■ Exercise requirements ■
Everything from the line containing "Pezzo di ricambio" through the last line of the data below must be copied exactly, with no other lines included.
**** Data provided
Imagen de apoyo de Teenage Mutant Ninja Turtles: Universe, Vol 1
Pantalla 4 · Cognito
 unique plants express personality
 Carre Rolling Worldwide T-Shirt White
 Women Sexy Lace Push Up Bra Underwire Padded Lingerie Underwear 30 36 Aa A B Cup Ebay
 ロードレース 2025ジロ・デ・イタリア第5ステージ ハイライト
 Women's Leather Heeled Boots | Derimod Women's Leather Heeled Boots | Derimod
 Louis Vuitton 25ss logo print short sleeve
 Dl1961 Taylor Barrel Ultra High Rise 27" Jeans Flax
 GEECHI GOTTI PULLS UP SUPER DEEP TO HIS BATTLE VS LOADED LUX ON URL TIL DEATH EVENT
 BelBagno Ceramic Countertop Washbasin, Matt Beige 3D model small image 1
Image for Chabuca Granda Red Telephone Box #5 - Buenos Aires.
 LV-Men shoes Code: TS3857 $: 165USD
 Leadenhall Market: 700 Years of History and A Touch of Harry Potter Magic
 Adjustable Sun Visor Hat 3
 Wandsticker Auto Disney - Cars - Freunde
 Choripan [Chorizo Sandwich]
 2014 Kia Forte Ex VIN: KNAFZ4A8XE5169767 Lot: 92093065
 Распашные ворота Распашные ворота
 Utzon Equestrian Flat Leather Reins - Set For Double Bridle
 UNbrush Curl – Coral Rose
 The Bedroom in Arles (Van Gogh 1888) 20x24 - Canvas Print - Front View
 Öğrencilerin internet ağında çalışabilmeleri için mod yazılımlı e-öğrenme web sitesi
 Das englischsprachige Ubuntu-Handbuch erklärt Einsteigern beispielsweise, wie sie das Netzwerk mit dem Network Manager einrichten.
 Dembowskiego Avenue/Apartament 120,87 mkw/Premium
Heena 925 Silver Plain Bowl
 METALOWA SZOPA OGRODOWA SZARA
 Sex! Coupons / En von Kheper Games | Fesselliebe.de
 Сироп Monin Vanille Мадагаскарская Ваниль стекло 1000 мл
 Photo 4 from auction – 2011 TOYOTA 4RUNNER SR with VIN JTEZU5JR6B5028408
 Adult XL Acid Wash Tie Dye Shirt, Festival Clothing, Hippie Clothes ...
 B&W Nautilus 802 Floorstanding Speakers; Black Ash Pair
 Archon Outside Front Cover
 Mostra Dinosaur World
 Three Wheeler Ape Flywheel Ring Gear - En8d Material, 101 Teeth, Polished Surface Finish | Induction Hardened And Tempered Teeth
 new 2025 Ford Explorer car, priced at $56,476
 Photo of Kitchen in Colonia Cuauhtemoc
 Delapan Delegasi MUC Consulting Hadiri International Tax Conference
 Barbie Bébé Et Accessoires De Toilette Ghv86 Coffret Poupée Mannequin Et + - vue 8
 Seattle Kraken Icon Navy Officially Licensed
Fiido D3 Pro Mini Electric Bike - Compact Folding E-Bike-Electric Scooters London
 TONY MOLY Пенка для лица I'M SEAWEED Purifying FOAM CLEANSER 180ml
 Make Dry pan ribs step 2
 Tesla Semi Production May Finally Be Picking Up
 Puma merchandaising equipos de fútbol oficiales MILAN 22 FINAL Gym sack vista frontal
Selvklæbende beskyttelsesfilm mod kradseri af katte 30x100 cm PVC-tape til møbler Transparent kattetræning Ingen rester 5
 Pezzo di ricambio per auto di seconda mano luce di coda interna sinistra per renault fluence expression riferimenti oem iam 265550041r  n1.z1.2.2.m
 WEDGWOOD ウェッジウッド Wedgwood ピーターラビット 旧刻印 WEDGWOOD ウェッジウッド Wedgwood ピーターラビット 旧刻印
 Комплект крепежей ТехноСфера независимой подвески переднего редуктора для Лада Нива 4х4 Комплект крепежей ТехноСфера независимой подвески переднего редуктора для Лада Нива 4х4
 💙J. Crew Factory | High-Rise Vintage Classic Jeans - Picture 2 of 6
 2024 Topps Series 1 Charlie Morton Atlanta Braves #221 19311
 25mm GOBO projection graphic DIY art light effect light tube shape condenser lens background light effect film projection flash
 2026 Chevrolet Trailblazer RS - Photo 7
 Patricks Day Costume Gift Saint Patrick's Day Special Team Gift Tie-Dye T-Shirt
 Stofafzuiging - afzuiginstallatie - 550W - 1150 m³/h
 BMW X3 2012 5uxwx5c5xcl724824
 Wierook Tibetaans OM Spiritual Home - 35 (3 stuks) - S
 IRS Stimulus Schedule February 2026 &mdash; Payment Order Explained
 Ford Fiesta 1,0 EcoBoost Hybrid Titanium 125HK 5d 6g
********
■ Response ■
 Pezzo di ricambio per auto di seconda mano luce di coda interna sinistra per renault fluence expression riferimenti oem iam 265550041r  n1.z1.2.2.m
 WEDGWOOD ウェッジウッド Wedgwood ピーターラビット 旧刻印 WEDGWOOD ウェッジウッド Wedgwood ピーターラビット 旧刻印
 Комплект крепежей ТехноСфера независимой подвески переднего редуктора для Лада Нива 4х4 Комплект крепежей ТехноСфера независимой подвески переднего редуктора для Лада Нива 4х4
 💙J. Crew Factory | High-Rise Vintage Classic Jeans - Picture 2 of 6
 2024 Topps Series 1 Charlie Morton Atlanta Braves #221 19311
 25mm GOBO projection graphic DIY art light effect light tube shape condenser lens background light effect film projection flash
 2026 Chevrolet Trailblazer RS - Photo 7
 Patricks Day Costume Gift Saint Patrick's Day Special Team Gift Tie-Dye T-Shirt
 Stofafzuiging - afzuiginstallatie - 550W - 1150 m³/h
 BMW X3 2012 5uxwx5c5xcl724824
 Wierook Tibetaans OM Spiritual Home - 35 (3 stuks) - S
 IRS Stimulus Schedule February 2026 &mdash; Payment Order Explained
 Ford Fiesta 1,0 EcoBoost Hybrid Titanium 125HK 5d 6g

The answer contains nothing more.